No Dia Internacional da Alfabetização, transcorrido nesta quarta-feira, 8, a Secretaria Municipal de Educação (Semec) celebra o legado do educador Paulo Freire, patrono da educação brasileira. É de Paulo Freire o projeto de alfabetização “40 Horas de Angicos”, experiência de educação popular desenvolvida no início dos anos 1960 na cidade de Angicos, no Rio Grande do Norte, em que o educador alfabetizou cerca de 300 adultos em 40 horas. A revolução pela educação de Paulo Freire inspira o projeto político-pedagógico da prefeitura de Belém.
A pedagogia de Paulo Freire pressupõe a promoção da escuta sensível, do diálogo, das relações igualitárias, da participação coletiva, respeitando sempre cada território escolar para construção de uma educação pública democrática e transformadora. Essa é a base do projeto político-pedagógico adotado pela Semec nas 203 escolas situadas nas áreas urbana, rural, nas ilhas e florestas do município de Belém. E cada escola, de maneira autônoma, constrói o seu próprio projeto político-pedagógico norteado pela orientação da Semec.
A professora Maria de Nazaré Rocha, que há 24 anos leciona para alunos da educação infantil ao 5º ano do ensino fundamental, explica como se dá, por exemplo, a alfabetização das crianças na Escola Municipal de Educação Infantil e Ensino Fundamental (EMEIF) Olga Benário, localizada no bairro de Águas Lindas. “No primeiro momento nos apropriamos do tema proposto pela Semec, que é construir uma cidade alfabetizadora a partir da pedagogia freireana, até chegarmos ao tema da escola, ‘Formação humana no meio ambiente’, com a criação do projeto ‘Do contexto crio uma biografia’, para que as crianças conheçam a realidade delas”, diz a professora.
Maria de Nazaré conta que Águas Lindas é um território rico de pessoas que lutaram por uma sociedade justa em que todos tivessem o direito de estudar, mas muitas vezes o bairro é noticiado de forma negativa. “Nas atividades que desenvolvemos, cada criança abordou o assunto que queria, de forma não presencial devido à pandemia (de covid-19). Apresentamos a biografia da escola e fomos adequando ao que a criança queria explorar. A metodologia utilizada foi a leitura, a oralidade, o discurso, a escrita dos alunos por meio do whatsapp, com vídeos e áudios”, detalha a educadora.
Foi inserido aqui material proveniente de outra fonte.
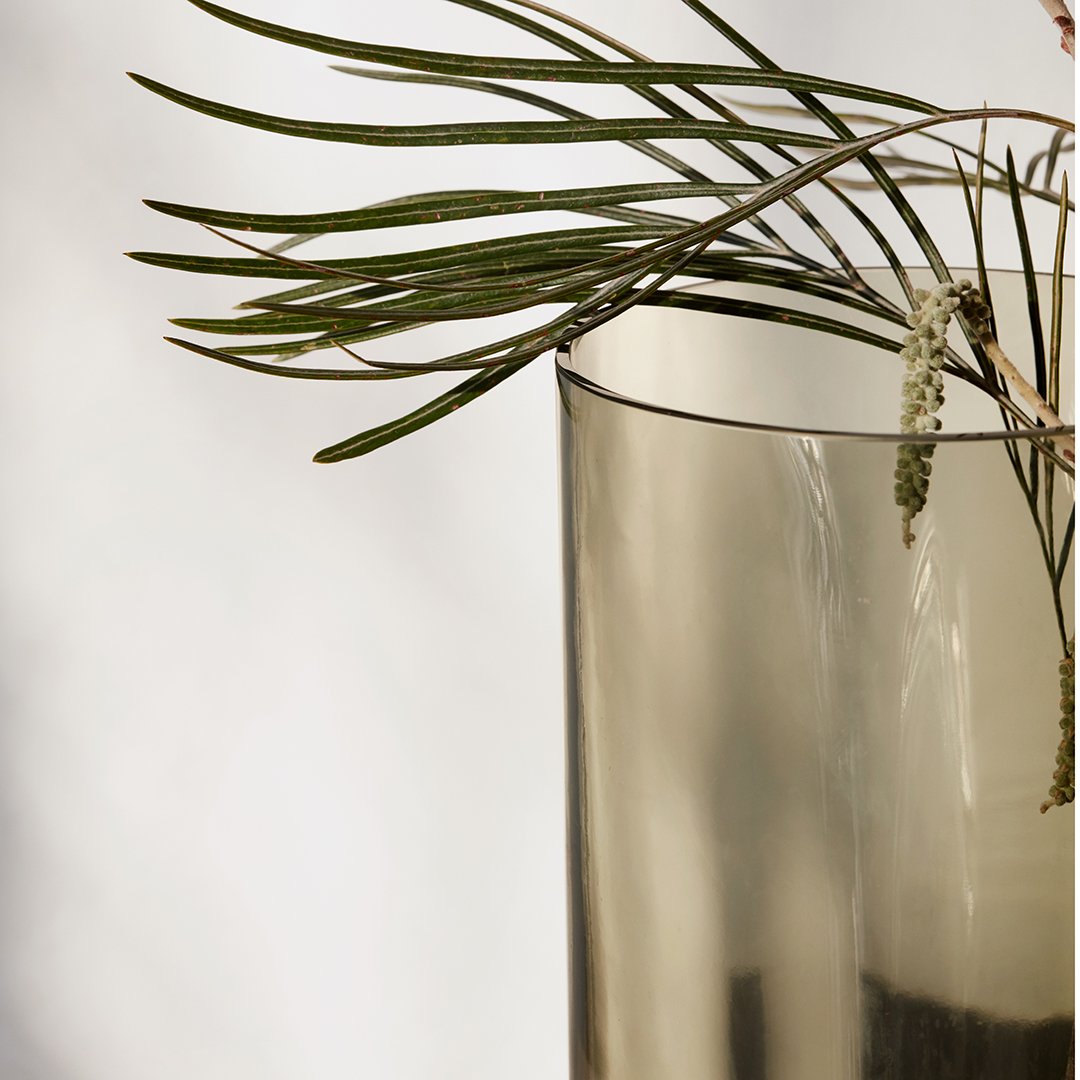 Gabriel Tan AER Vase - Modern Minimalist Ceramic Vase for Home Decor, Office & Wedding Centerpiece - Perfect for Flowers, Plants & Interior Design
O trabalho desenvolvido na escola resultou no documentário de 23 minutos “Minha rua conta uma história”, em que cada criança narra a história do local onde vive, e os educadores escreveram o artigo “Utilização do gênero biográfico como estratégia de alfabetização: uma experiência na Escola Municipal de Ensino Fundamental Olga Benário, em Belém do Pará”, de autoria das professoras Maria de Nazaré Rocha Souza e Soraya de Cássia Costa Pereira, que será apresentado em no XV Congresso Nacional de Educação (Educere), que ocorrerá de 27 a 30 de setembro na modalidade online e, presencialmente,em Curitiba,no Paraná. O Educere é realizado a cada dois anos e visa promover reflexões sobre formação, prática e pesquisa educacionais.